# [PROBLEM DESCRIPTION]
Would you please return only the lines from the one with "Catrina Sugar Skull" through the last line of the records below, leaving the pictures out?
####################
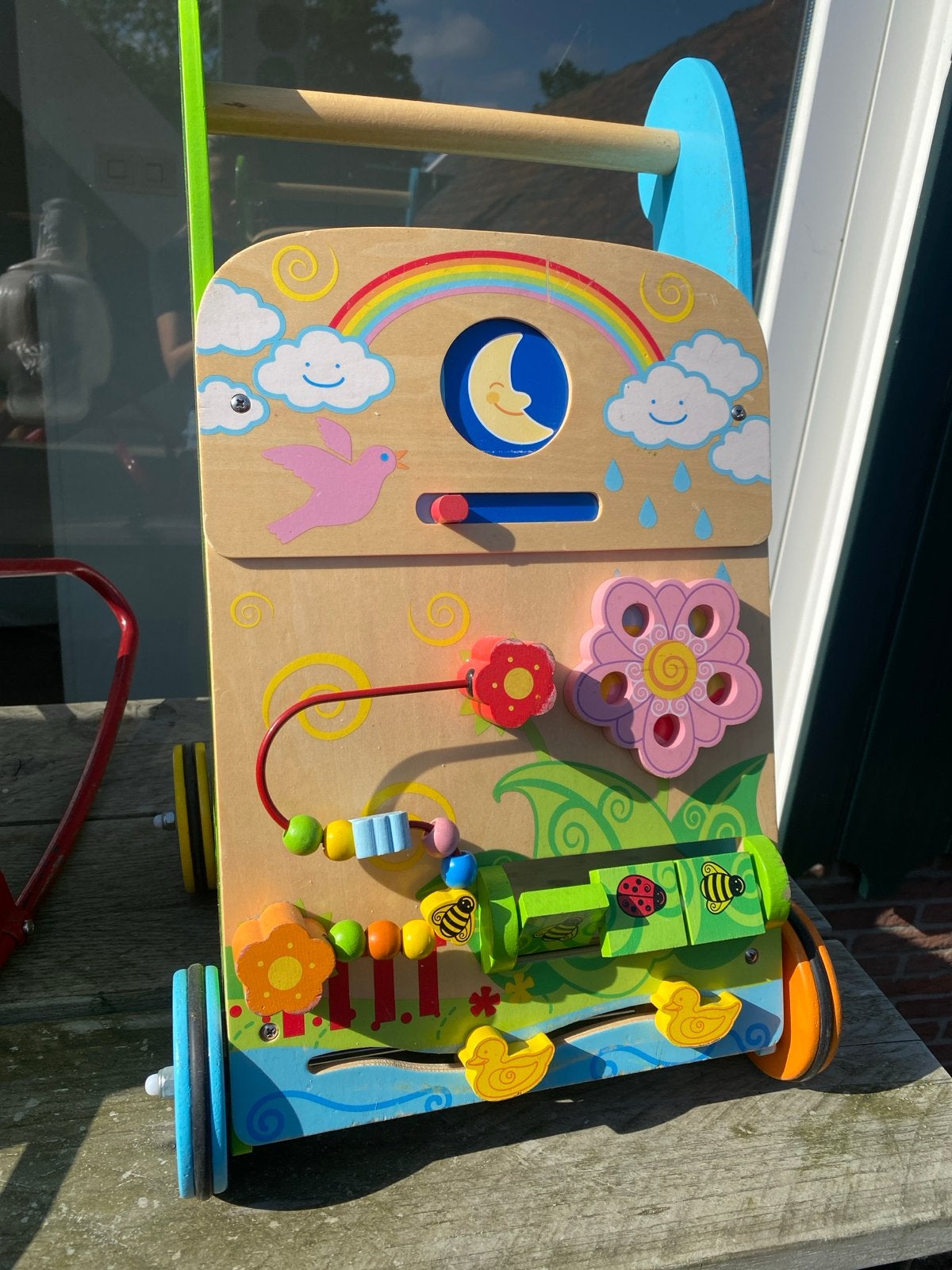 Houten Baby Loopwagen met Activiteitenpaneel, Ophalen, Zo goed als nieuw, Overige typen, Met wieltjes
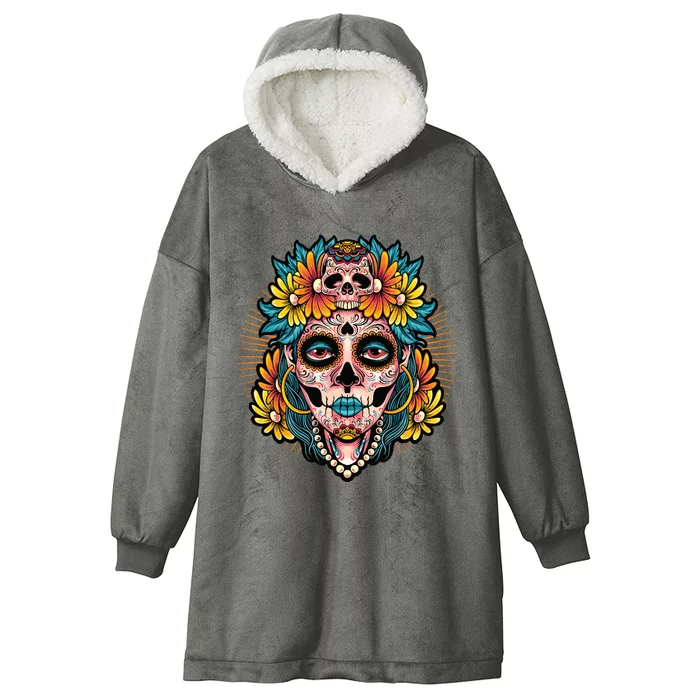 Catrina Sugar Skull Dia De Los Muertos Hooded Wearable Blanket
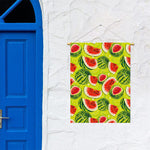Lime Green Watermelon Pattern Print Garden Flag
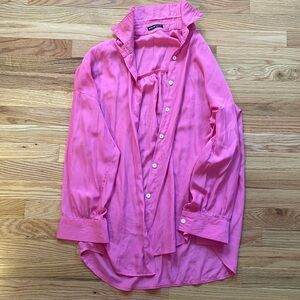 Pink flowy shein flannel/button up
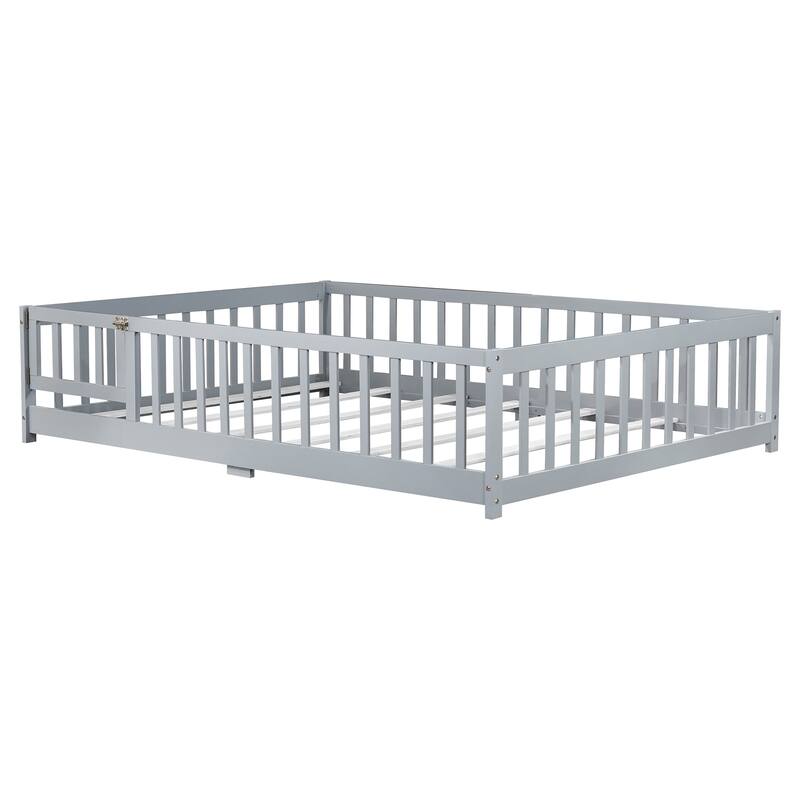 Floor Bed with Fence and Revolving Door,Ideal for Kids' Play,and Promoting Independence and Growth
####################
# [EXERCISE RESULT]
 Catrina Sugar Skull Dia De Los Muertos Hooded Wearable Blanket
Lime Green Watermelon Pattern Print Garden Flag
 Pink flowy shein flannel/button up
 Floor Bed with Fence and Revolving Door,Ideal for Kids' Play,and Promoting Independence and Growth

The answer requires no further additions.